Crawled caption data

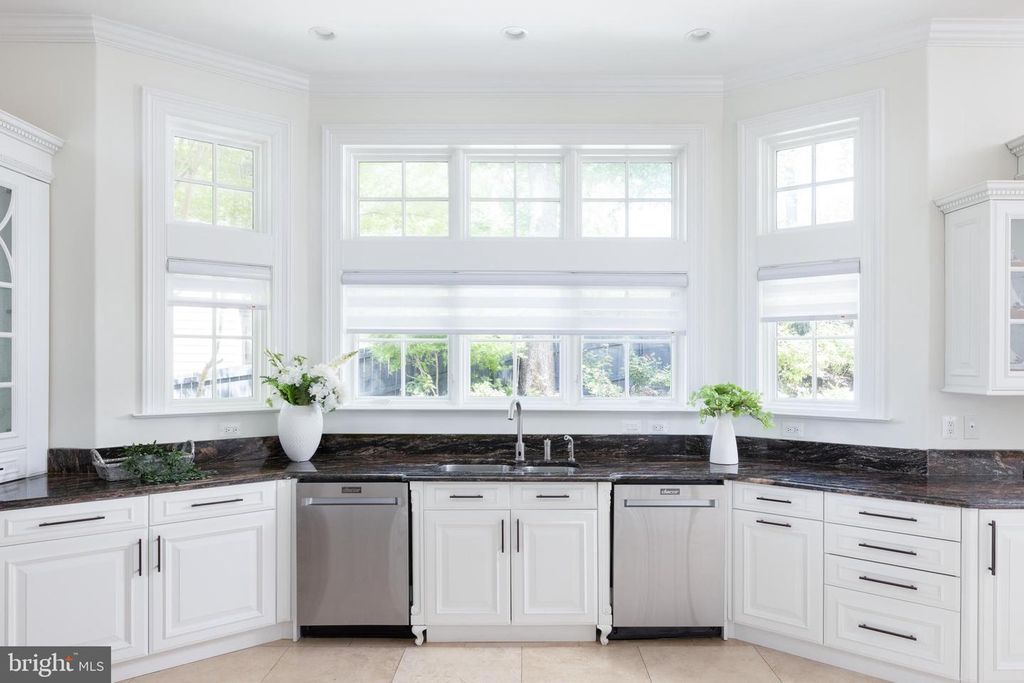 Image 22 of property listing at 5821 GOLDSBORO RD, Bethesda, MD 20817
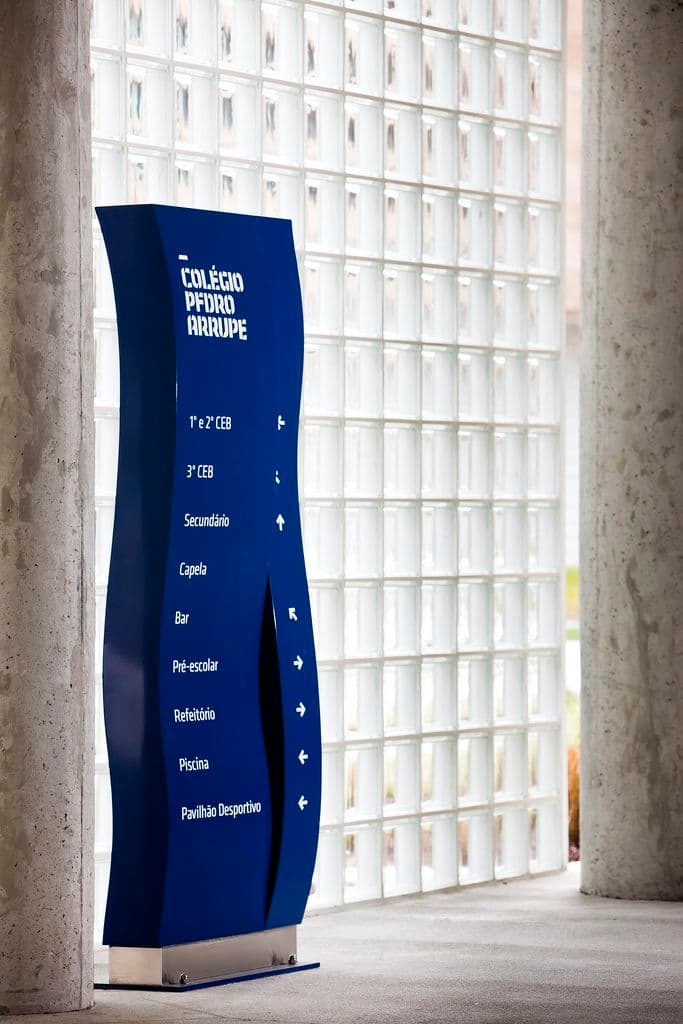 Branded way finding pylon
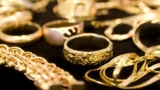 Vintage Jewelry Collection: Curate Your Own Story of Classic Beauty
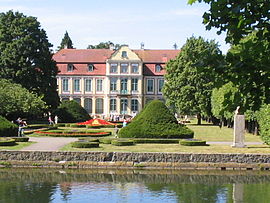 Gdańsk Oliwa - Pałac Opatów (2005).jpg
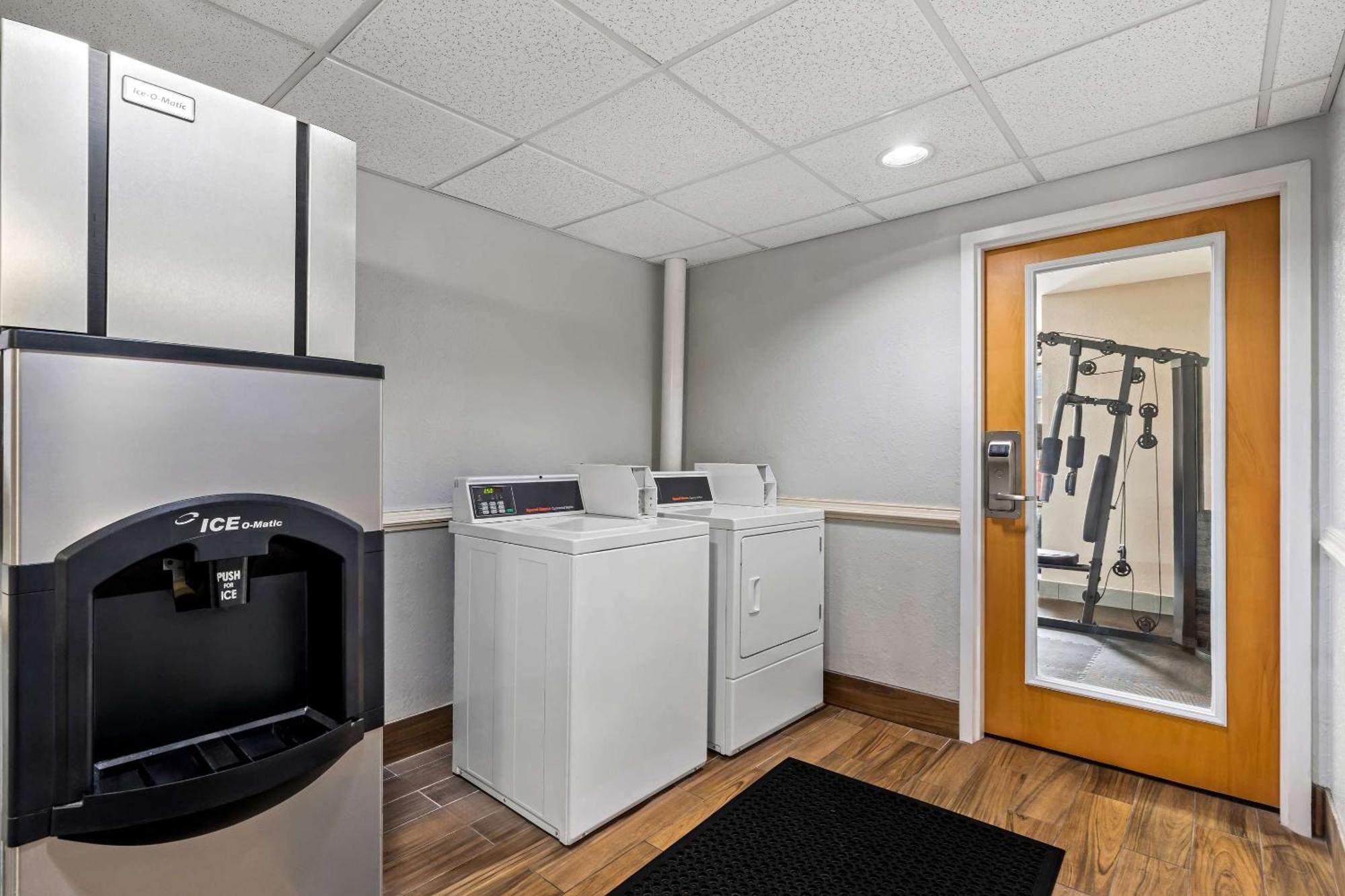 Quality Inn & Suites Biloxi Exteriör bild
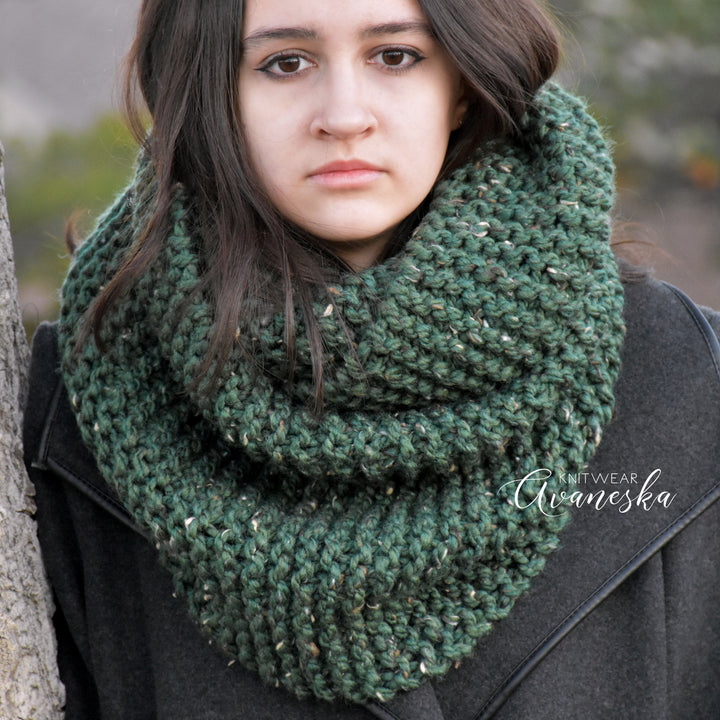 Chunky Infinity Scarf | THE GENEVA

| EXERCISE OBJECTIVE |
Every entry above is to be set down exactly; the pictures are to be left out.

| PROBLEM SOLUTION |
 Image 22 of property listing at 5821 GOLDSBORO RD, Bethesda, MD 20817
 Branded way finding pylon
 Vintage Jewelry Collection: Curate Your Own Story of Classic Beauty
 Gdańsk Oliwa - Pałac Opatów (2005).jpg
 Quality Inn & Suites Biloxi Exteriör bild
 Chunky Infinity Scarf | THE GENEVA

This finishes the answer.